● **TASK GOAL**
Take the material below and reproduce, word for word, only the lines from the line with "property entrance featuring" through the line with "Quilted jacket with a belt".

● **SUPPLIED DATA**

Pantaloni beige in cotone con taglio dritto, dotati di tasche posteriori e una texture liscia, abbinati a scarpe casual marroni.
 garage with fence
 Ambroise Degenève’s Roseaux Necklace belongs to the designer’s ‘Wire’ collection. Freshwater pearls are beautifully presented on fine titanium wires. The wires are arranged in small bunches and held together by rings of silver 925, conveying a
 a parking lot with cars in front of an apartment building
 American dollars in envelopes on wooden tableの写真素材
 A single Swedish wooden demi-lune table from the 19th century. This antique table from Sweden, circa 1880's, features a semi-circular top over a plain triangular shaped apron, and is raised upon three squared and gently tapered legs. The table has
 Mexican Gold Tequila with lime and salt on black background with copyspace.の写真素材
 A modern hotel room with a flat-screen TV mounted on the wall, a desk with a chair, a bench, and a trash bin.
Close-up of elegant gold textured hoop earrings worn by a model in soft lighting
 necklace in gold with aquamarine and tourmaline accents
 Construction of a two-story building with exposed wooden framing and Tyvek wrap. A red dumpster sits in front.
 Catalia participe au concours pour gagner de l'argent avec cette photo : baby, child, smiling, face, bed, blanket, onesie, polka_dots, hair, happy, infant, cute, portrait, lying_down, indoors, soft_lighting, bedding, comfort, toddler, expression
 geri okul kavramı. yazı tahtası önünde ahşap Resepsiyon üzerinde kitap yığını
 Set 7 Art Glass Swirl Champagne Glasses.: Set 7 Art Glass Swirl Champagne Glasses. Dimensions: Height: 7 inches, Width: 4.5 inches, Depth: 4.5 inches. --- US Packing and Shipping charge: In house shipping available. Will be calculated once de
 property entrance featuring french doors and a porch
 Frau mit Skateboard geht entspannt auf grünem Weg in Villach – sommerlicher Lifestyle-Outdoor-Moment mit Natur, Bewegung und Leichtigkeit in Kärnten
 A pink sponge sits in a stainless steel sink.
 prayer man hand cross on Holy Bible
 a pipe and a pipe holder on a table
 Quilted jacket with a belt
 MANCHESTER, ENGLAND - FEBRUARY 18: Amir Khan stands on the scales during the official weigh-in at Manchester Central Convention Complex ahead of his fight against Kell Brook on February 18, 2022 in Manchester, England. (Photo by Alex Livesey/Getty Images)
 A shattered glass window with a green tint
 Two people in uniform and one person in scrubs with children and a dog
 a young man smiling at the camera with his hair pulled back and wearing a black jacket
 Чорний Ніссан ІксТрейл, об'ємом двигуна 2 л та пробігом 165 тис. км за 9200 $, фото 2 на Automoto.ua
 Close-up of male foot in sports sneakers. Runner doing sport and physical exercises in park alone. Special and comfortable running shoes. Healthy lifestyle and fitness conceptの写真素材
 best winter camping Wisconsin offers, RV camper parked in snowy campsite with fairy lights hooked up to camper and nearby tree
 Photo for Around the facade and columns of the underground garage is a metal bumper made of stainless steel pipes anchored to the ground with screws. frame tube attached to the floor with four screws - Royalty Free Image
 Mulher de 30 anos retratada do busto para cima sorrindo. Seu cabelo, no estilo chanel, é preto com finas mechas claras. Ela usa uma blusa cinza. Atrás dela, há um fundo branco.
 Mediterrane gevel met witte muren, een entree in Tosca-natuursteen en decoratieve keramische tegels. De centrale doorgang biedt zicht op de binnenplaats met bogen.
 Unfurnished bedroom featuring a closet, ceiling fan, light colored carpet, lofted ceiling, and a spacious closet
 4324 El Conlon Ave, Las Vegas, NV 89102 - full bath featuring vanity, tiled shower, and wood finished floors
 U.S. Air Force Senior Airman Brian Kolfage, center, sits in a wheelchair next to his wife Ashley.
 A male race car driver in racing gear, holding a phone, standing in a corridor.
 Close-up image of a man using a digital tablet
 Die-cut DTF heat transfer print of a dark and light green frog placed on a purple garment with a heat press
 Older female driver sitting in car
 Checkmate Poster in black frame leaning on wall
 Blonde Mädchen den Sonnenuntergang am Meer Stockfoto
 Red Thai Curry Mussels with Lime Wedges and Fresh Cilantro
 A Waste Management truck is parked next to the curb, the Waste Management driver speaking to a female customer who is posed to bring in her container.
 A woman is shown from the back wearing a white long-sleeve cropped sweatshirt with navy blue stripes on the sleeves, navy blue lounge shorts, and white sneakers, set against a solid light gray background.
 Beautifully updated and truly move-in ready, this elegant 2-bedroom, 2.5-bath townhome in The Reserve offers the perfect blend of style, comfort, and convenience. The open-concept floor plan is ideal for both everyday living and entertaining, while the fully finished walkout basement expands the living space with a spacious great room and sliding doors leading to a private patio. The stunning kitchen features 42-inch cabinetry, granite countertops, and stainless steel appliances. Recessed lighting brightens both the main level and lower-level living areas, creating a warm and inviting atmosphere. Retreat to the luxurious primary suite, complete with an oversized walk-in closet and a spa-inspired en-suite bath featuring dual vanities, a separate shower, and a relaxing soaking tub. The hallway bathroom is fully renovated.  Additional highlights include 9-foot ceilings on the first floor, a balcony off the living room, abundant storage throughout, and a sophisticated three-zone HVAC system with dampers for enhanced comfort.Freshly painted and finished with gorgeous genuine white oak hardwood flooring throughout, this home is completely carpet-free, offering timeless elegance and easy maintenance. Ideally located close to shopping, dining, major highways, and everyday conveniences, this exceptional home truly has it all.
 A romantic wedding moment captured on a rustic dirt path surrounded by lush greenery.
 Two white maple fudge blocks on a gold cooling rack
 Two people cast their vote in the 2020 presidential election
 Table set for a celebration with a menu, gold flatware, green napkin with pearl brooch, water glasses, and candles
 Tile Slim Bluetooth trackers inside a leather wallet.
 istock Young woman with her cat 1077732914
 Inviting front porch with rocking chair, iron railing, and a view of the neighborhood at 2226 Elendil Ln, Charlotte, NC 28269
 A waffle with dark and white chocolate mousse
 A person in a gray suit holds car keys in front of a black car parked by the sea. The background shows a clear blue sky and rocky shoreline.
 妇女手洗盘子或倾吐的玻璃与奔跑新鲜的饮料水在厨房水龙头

● **WORKED SOLUTION**
 property entrance featuring french doors and a porch
 Frau mit Skateboard geht entspannt auf grünem Weg in Villach – sommerlicher Lifestyle-Outdoor-Moment mit Natur, Bewegung und Leichtigkeit in Kärnten
 A pink sponge sits in a stainless steel sink.
 prayer man hand cross on Holy Bible
 a pipe and a pipe holder on a table
 Quilted jacket with a belt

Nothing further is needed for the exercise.